The Ideal Trade For This Nervous Pre-Election Market

Zinger Key Points
  • Long put butterfly is the ideal trade for current market conditions.

We are sitting in chart environments where spikes into higher prices are getting sold off into the election cycle. Chip giant Taiwan Semiconductor (TSM) also sells off its spikes before running higher. This makes for an ideal candidate for the trade environment ahead.

Here's the TSM trade I'm thinking of.

Given this environment, a long put butterfly is the best trade. Here's what you need to understand about the long put butterfly:

A long put butterfly is positioned so the "long" wing of the trade gives us a likelihood of returns, while using the "short" wing to finance part of the trade.

Today, we will use a put butterfly, with a twist. Instead of the standard 1x2x1 structure, we will use the 1x3x2.

This long put butterfly holds 1 long put spread (a bearish position) and 2 short put spreads (a bullish position) that share the middle strike. Please notice the side that holds the short put spread is tighter so that the risk is bounded and there is no need for additional margin.

  • Buy to open 1 TSM 20 Dec 190 puts
  • Sell to open 3 TSM 20 Dec 180 puts
  • Buy to open 2 TSM 20 Dec 175 puts

Chart courtesy of Benzinga Pro

The put butterfly above will cost $1.18 at this writing and it also represents the max loss for this position. This makes the max profit $190 – $180 – $1.18 = $8.82 (outside of commissions).

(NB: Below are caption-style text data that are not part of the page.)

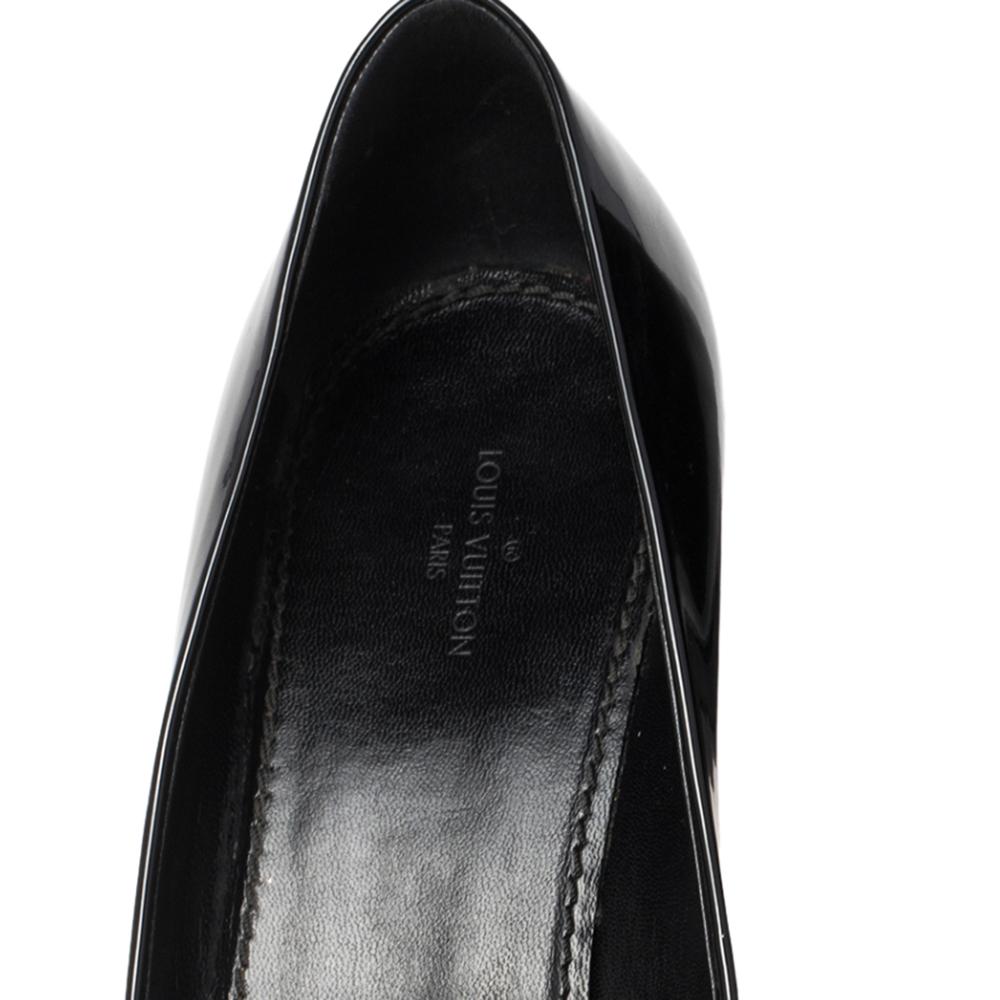 Women's Louis Vuitton Black Patent Leather Madeleine Logo Block Heel Pumps Size 39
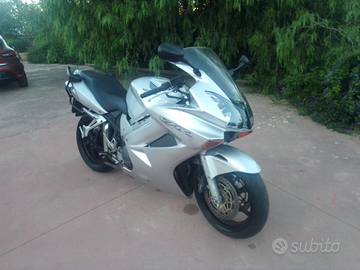 Honda VFR 800 vtec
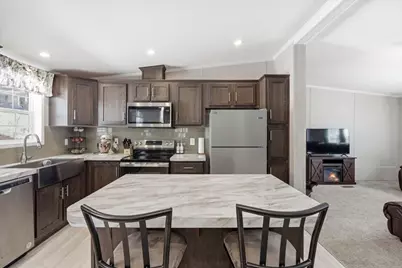 7 Pinecrest Circle, Allenstown, NH 03275 - Photo 9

Total profits will begin to erode if the price of $TSM stays below $180.

Our maximum exposure is the cost of the butterfly, and it is also the max risk of the position.

The goal of taking long butterflies like the one above is to take advantage of higher implied volatility as the undercurrent of markets shift to participate in an outsized move in either direction.

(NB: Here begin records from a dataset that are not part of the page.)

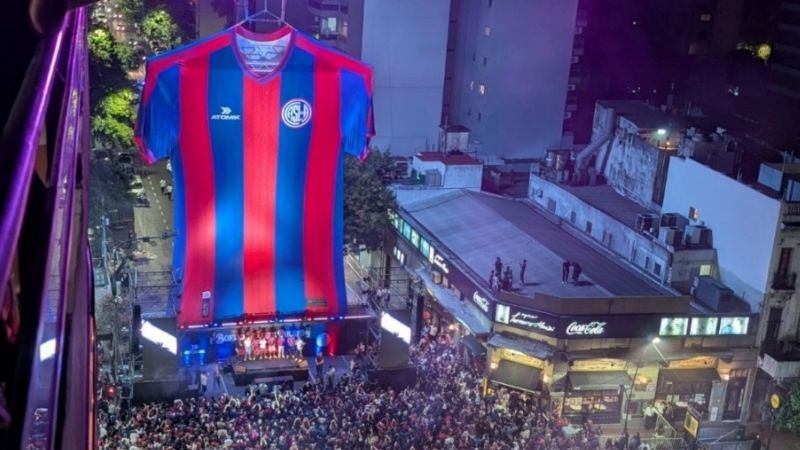 Show “santo”, estrenando camiseta en San Juan y Boedo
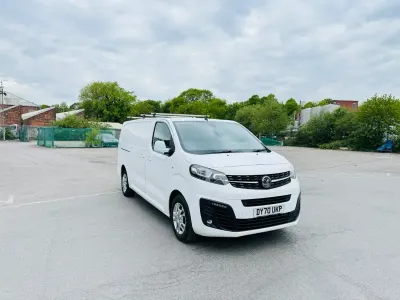 Używany Vauxhall Vivaro Sportive 100 KM (73 kW) 2020 Biały Minivan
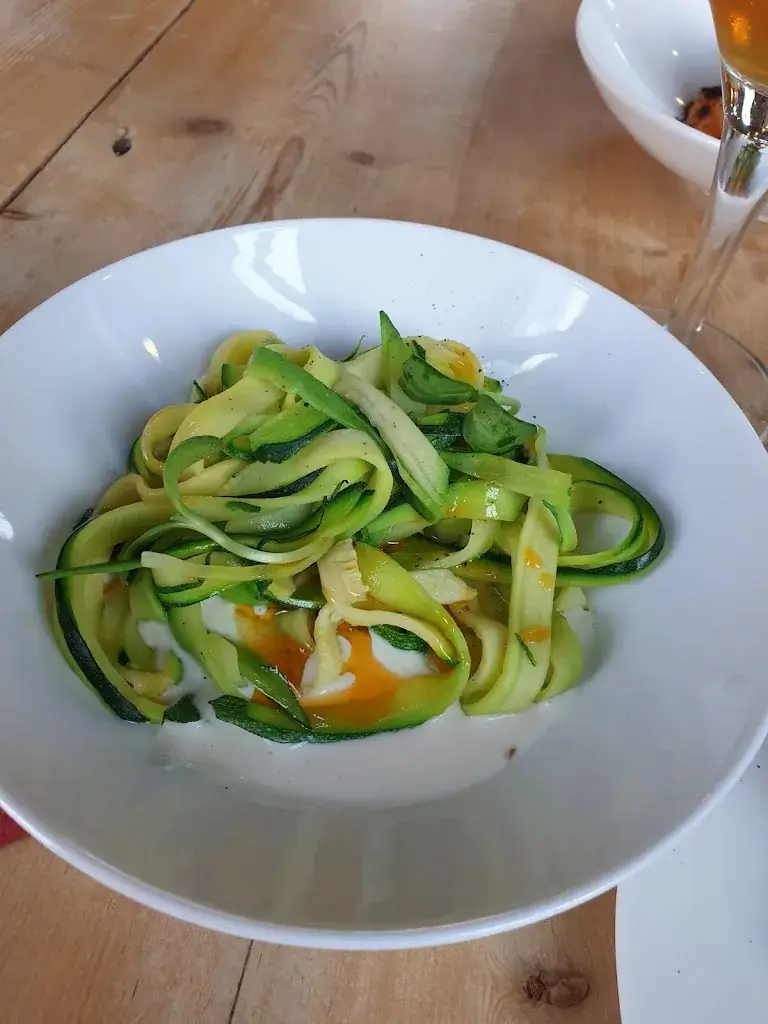 Phil Deg_Quatre Quarts_Court-Saint-Étienne_reseña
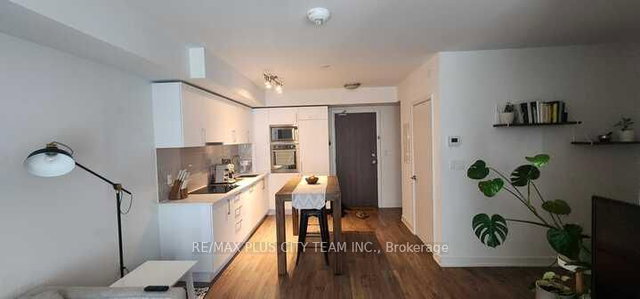 305E - 576 Front Street W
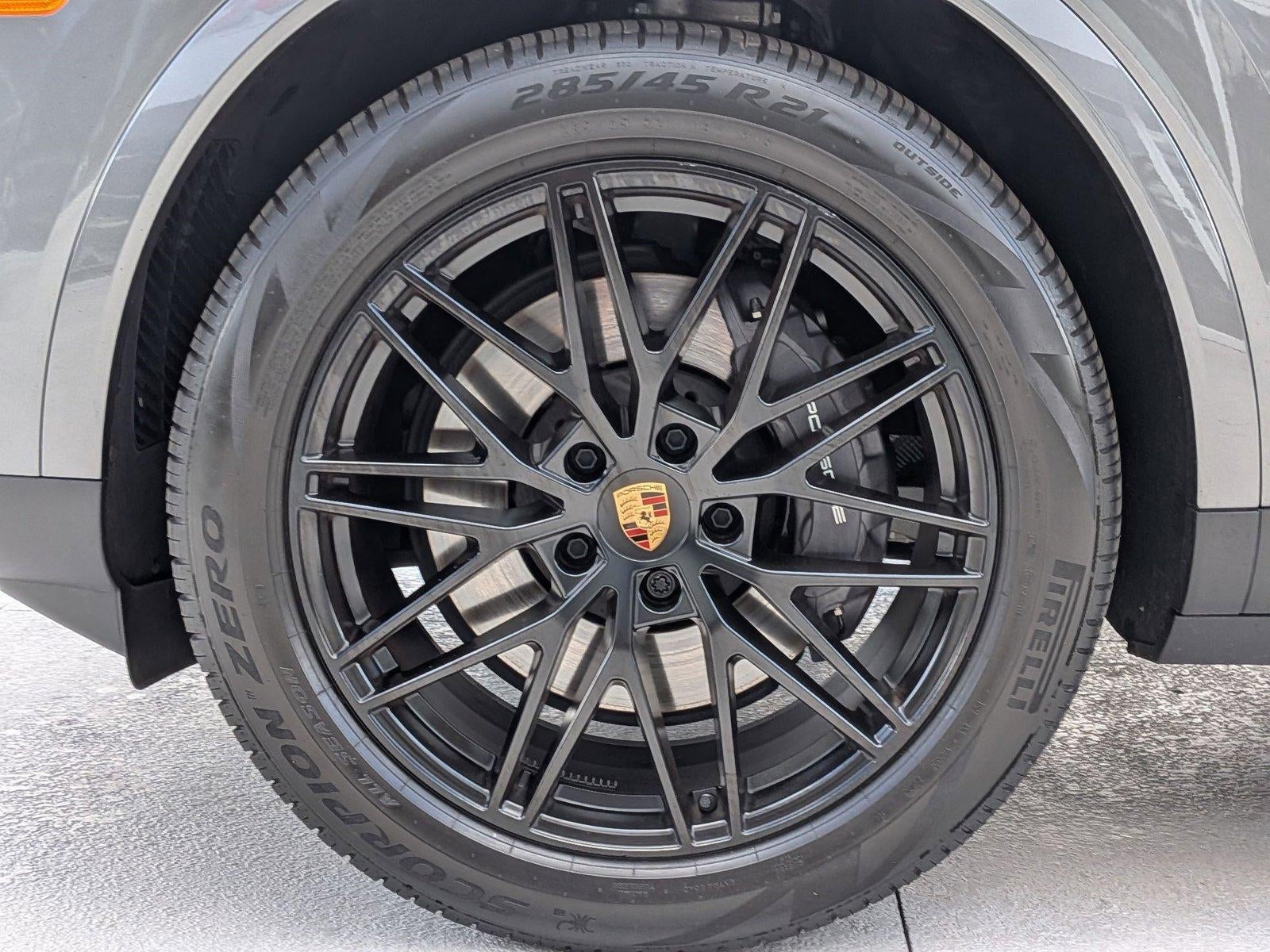 2025 Porsche Cayenne Coupe AWD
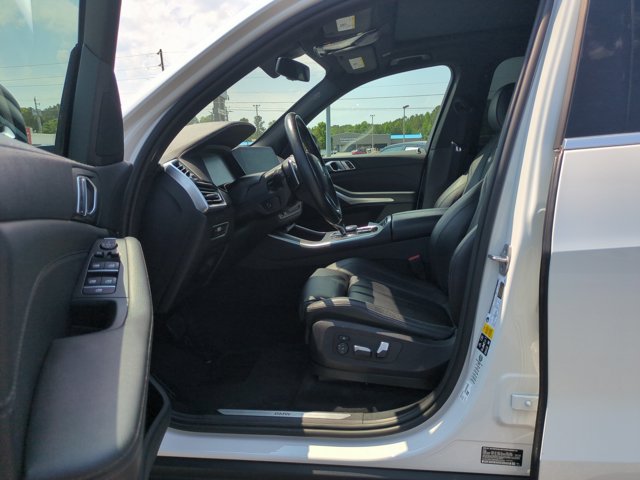 Used 2022 BMW X5 xDrive40i w/ Parking Assistance Package AWD/4WD image 16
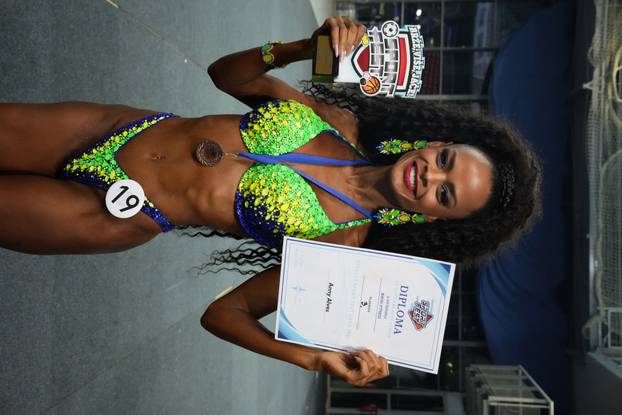 FOTO Cro Brazilka prošetala u bikiniju i postala fitness kraljica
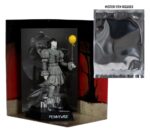 It Welcome to Derry Movie Maniacs Figure Pennywise (Black & White) 16 cm - immagine 4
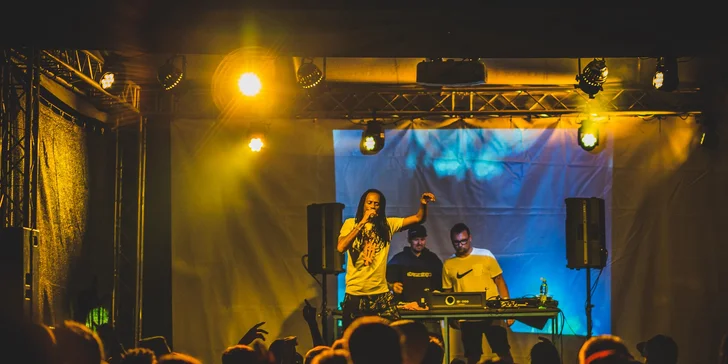 Poďte to roztočiť na multižánrový undergroundový Roots Festival na kúpalisku Sunny!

That's perfect given TSM's key levels. After breaking to new highs, TSM is statistically likely to fill its gap. This baseline support is near $190 with much of the volume crowding around $180 – which is why I chose the middle strike as the ‘sweet spot' for potential maximum returns.

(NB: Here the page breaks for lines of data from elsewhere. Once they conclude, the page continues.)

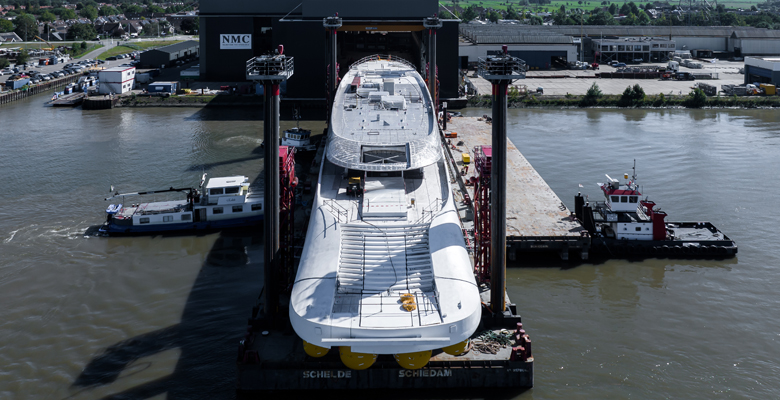 the transport of the Feadship yacht Project 824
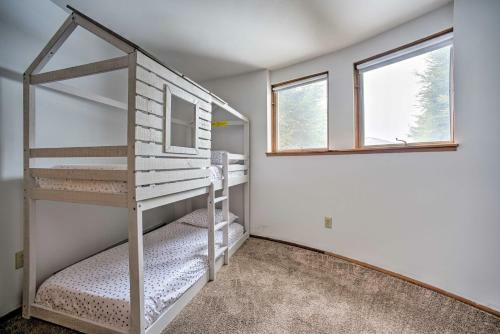 Cozy Catskills Getaway With Yard And Mtn Views!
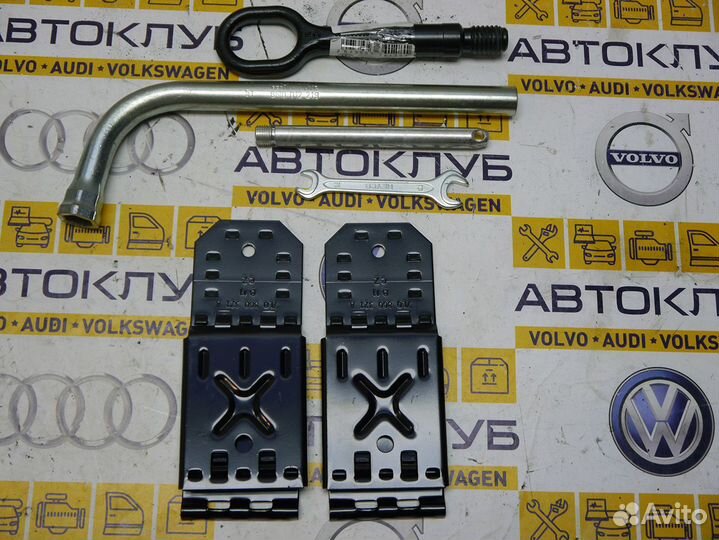 Крюк буксировочный+набор инструментов Ауди Q5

The strategy result provides three choices to exit the trade:

  1. To sell the butterfly once it gets to an acceptable profit margin for you. I customarily look for 100% to 300% profit for these kinds of trades.
  2. To sell the spreads once it hits your loss threshold as determined by personal risk, which will happen with extreme movement. I customarily look at about 65% though depending on my size, I will choose 50%.
  3. To sell the butterfly spreads into the week before expiration, if all is going well and you have decided to hold the trade into closer to the end of expiration (I have had many a trade go sideways taking it down to the wire and not capturing gains, so I do not advise this).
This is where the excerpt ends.